**Your objective**: Print out the data precisely as it appears here, with no pictures.

**Collected material**:
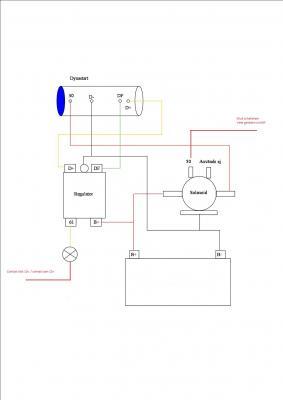 Complete set Dynastarter with regulator and starter relay Volvo Penta ...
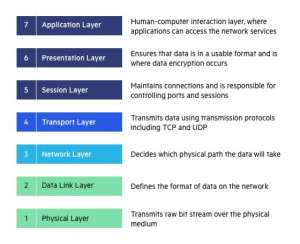 OSI model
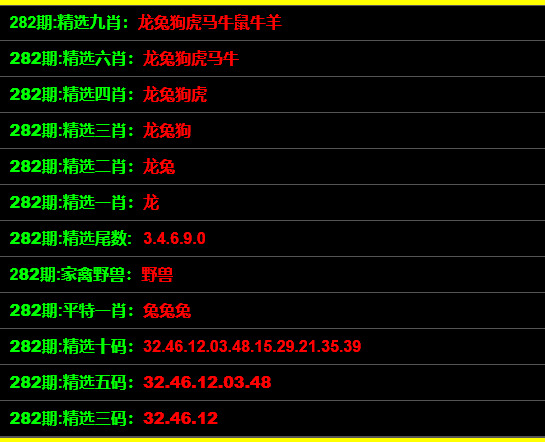 最準一碼一肖100%預(yù)測，揭秘鳳凰網(wǎng)獨家報道！，揭秘鳳凰網(wǎng)獨家報道，最準一碼一肖100%預(yù)測揭秘！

**Solution for this exercise**:
 Complete set Dynastarter with regulator and starter relay Volvo Penta ...
 OSI model
 最準一碼一肖100%預(yù)測，揭秘鳳凰網(wǎng)獨家報道！，揭秘鳳凰網(wǎng)獨家報道，最準一碼一肖100%預(yù)測揭秘！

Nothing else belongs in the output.